Unpublished Disposition, 861 F.2d 268 (9th Cir. 1987)Annotate this Case
John SHANNON and Franklin Mathias, Plaintiffs-Appellants,v.COMMISSIONER OF INTERNAL REVENUE SERVICE, Defendant-Appellee.
United States Court of Appeals, Ninth Circuit.
Submitted* Aug. 24, 1988.Decided Oct. 24, 1988.
Before KOELSCH, KILKENNY and FARRIS, Circuit Judges.
This is a pro se appeal from a dismissal for want of jurisdiction of a complaint filed by two tax protesters. Judgment of dismissal was entered on May 29, 1987; a petition for rehearing was filed on June 17, 1987; and, following the district court's denial of that petition on August 25, 1987, the appellants filed their notice of appeal.

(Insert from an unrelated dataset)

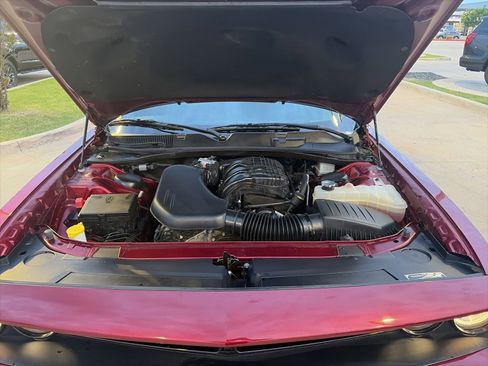 Used 2023 Dodge Challenger SXT w/ Blacktop Package RWD image 24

Because the appellants did not file their notice of appeal within 60 days of the district court's entry of judgment of dismissal, their appeal is untimely as to that judgment unless their petition for rehearing can be construed as something that would have tolled the time for filing their appeal. See Fiester v. Turner, 783 F.2d 1474, 1475-76 (CA9 1986) (construing untimely motion to reconsider under both FRCivP 59(3) and 60(b)). Their petition for rehearing cannot be construed as a motion to alter or amend the judgment of dismissal because it was not served within the requisite ten days. See FRCivP 59(e); Fiester, 783 F.2d at 1475. Similarly, the appellants' petition cannot be construed as a motion for relief from judgment because they alleged neither extraordinary circumstances nor any other ground available under FRCivP 60(b).1 See Fiester, 783 F.2d at 1476.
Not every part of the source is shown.